From the bard of the Beat Generation, Jack Kerouac's Maggie Cassidy is a profoundly moving, autobiographical novel of adolescence and first love

One of the dozen books written by Jack Kerouac in the early and mid-1950s, Maggie Cassidy was not published until 1959, after the appearance of On the Road had made its author famous overnight. Long out of print, this touching novel of adolescent love in a New England mill...

Customer Reviews

5 ratings

Jack's Best Kept Secret

When Kerouac was good he was superb. This is young love in a glorious, mind-bending nutshell. Beautifully written and deeply felt. When I was much younger and had experienced my first brutal betrayal in life, this novel was my greatest comfort. Kerouac had uncanny vision into the human heart, and was capable of expressing the awful paradox of young love, the joy and pain of it, it terms that were never sentimental, and often quietly heroic.A poetic, lovely book.

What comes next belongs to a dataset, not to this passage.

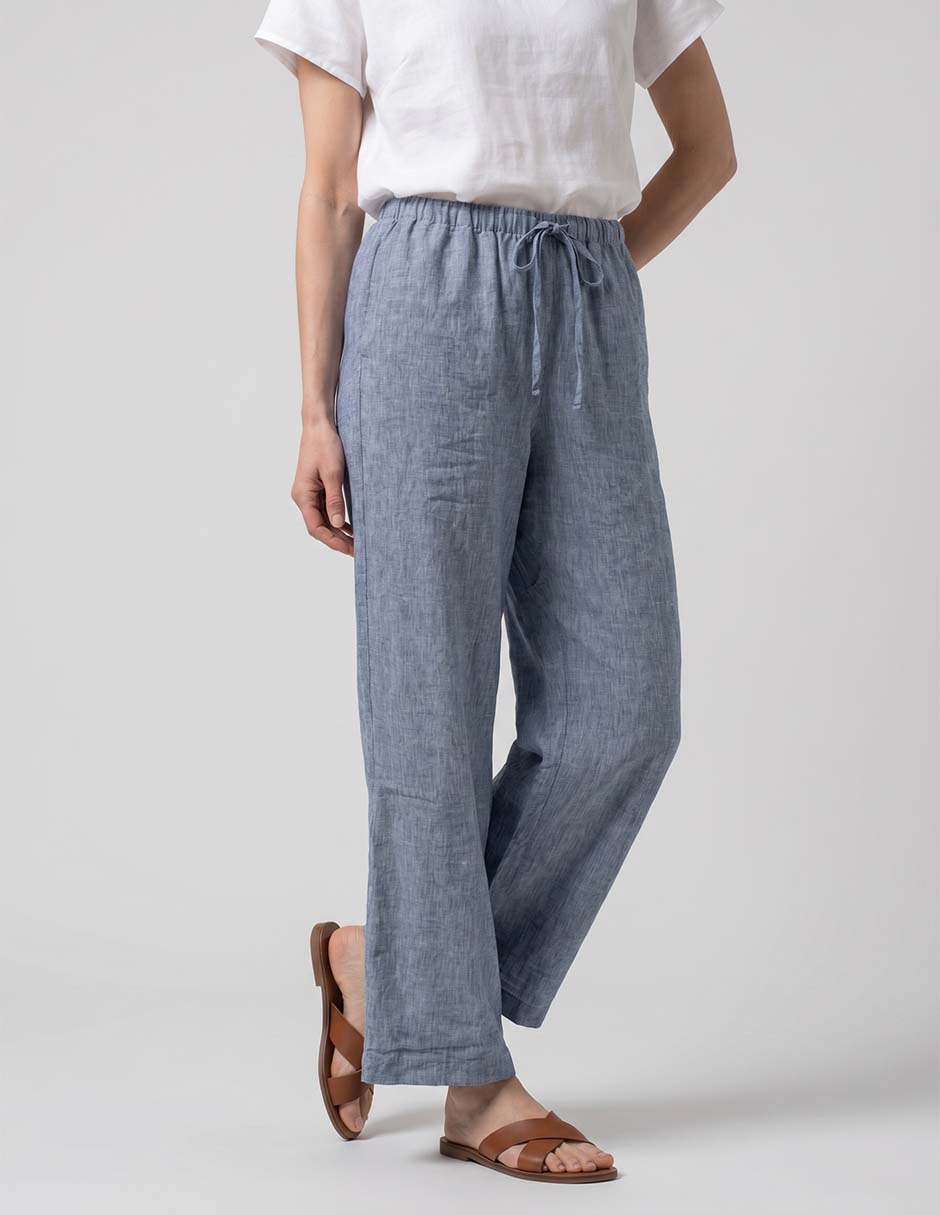 Pantalón relaxed amplio para mujer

An Eternity Brunette Called Night

Kerouac had a real talent for capturing the dream of life in words. When I read his books the memories and images are almost palatable. He has the hypnotic effect that all writers dream about and aim for. The fact that he had to draw on his own life for inspiration is both his strength and his failing. Rather, it was a failing that he was able to turn into a strength. Early in his career Kerouac attempted to write normal fiction. His first book The Town & the City is an unfocused mess that lies somewhere between a novel and a memoir. By the time On the Road came scrolling out of his typewriter, Kerouac had figured out his method. Thereafter, he would write his memoirs but he would use a novelist's approach. Freeing himself from the task of inventing stories (which he never quite learned to do properly) he was able to concentrate on capturing the dramas and textures of his own life. Some of the books he subsequently produced by this method were merely self-indulgent meditations on memories that only Kerouac himself could have possibly have been interested in, but other books tell stories that have a more universal appeal and a touching drama at the heart of them. Maggie Cassidy is such a book. It tells the tale of the loss of first love. It takes an unconvential approach as love stories go. Kerouac includes all sorts of scenes and details that seem almost beside the point, and bare little connection to the main plot; the friends playing hookey, his eating crackers in the empty house, the blizzarding birthday party, the track meet. In the end, the book is less the story of a love affair, as it is a meditation on the time in his life when he was in love. It captures that sense of magic that being in love gives to everything around you. Kerouac has also taken a peculair approach to their characters and events in the story. Everything and everyone seems to be viewed from a distance and in soft focus, achieving a very haunting effect. The people don't seem to be present. They seem like ghosts fading away, and everything feels like it happened a long, long, time ago. You get the sense that Kerouac would like to change alot of how all this turned out, but it's all too far away, locked in the irretrievable past, and all he can do now is share with us his sadness and regret.

An overlooked kerouac gem

Whenever people talk of Kerouac, they're going to start talking about On the Road, The Dharma Bums or The Subterreaneans. You can't blame them, after all they are the best known of Kerouac's works, and they're all fine novels. Yet too often Kerouac's lesser works go unnoticed, such as Desolation Angels, Dr. Sax...and Maggie Cassidy. Out of all the Kerouac books I've read, I don't think one has ever made me feel so much, in this case it really took me back to my own adolescence. Much like Kerouac (here called Jack Dulouz) I had my own circle of friends in high school that I ran with on a regular basis and I saw many mirror images of them in Jack's group. And much like Dulouz, I hardly ever see them nowadays. And of course, I had my own Maggie Cassidy. It's amazing the similarity of how much Jack and Maggie's relationship ended and how mine and my girlfriend's ended. It was just a gradual end, we both lost interest in each other and our relationship end in spirit long before we ended it officially. We had both met other people and I had come to the realization that I was too young to be tied down to one person, which I think Dulouz realizes in the end also. And then there are the descriptions that Kerouac gives. It's often been said that his books are poetry and that is most certainly true in this case. The way he describes the snowy New England nights is absolutely beautiful and the way he portrays Maggie you can tell he genuinely felt for her. There are always nuggets of wisdom to be found in Kerouac's book, some insight that he sticks in the middle of his prose/poetry, and there is one in here. He is watching the clock in his living room and what he says is amazing; I won't spoil it for you, you'll just have to read it yourself. Another reviewer said skip On the Road and go straight for Maggie Cassidy. I don't know if I would go that far, but defintely read it afterwards. The narrative structure in both is pretty straightforward, and both make you feel the moment that Jack was living in at the time.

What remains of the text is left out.